Required work -
Identify each line in the records below that contains the word "Apartment", and copy it.

[Start of section]

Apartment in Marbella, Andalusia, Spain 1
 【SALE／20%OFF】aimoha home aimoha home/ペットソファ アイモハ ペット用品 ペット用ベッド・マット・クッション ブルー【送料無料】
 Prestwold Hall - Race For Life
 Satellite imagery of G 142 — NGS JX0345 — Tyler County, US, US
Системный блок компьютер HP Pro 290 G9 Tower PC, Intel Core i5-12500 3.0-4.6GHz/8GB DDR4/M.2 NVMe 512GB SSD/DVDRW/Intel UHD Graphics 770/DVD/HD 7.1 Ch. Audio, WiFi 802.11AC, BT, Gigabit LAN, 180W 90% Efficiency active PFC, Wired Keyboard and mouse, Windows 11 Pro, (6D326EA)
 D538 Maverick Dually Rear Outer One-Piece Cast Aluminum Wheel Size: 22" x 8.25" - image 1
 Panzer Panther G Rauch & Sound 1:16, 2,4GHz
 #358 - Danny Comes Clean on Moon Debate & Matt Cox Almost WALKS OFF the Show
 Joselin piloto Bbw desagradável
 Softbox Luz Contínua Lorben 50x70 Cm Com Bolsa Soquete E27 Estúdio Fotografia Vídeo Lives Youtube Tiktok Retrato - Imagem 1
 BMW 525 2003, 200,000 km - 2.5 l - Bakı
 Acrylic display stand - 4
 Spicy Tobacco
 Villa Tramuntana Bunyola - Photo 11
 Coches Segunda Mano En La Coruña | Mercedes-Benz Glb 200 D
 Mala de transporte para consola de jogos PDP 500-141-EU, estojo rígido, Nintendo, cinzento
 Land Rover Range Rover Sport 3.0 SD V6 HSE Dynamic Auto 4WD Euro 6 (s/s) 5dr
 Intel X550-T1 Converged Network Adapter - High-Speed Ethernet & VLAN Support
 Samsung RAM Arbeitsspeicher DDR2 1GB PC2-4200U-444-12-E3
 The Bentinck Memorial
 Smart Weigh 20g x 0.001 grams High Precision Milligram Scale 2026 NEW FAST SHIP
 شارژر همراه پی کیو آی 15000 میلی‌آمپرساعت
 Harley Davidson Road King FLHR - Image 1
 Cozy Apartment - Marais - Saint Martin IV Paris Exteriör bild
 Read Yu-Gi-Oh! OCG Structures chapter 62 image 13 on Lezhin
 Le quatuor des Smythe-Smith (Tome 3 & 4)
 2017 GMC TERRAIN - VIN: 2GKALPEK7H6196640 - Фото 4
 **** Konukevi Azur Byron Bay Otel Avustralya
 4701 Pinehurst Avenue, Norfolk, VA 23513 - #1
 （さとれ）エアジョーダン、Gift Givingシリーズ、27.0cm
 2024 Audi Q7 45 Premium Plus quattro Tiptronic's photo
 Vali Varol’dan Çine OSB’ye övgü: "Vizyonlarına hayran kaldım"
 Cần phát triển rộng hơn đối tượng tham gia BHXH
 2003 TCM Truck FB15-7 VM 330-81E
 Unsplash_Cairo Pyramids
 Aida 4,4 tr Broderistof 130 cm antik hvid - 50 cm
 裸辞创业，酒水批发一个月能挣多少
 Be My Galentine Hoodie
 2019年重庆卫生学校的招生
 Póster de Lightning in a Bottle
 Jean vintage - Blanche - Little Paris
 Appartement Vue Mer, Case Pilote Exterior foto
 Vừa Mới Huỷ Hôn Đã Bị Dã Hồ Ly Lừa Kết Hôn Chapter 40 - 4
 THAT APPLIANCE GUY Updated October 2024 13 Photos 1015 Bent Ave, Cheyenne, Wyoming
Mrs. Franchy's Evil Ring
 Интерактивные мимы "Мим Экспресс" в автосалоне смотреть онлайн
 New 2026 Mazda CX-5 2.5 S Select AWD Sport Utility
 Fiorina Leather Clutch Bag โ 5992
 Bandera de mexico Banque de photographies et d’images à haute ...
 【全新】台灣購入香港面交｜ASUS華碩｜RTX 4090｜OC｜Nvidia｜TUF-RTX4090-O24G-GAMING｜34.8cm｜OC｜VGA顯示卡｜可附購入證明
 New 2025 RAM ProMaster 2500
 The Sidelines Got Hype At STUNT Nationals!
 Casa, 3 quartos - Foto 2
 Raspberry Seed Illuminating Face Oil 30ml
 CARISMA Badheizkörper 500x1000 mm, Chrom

[End of section]

Answer to this exercise -
Apartment in Marbella, Andalusia, Spain 1
 Cozy Apartment - Marais - Saint Martin IV Paris Exteriör bild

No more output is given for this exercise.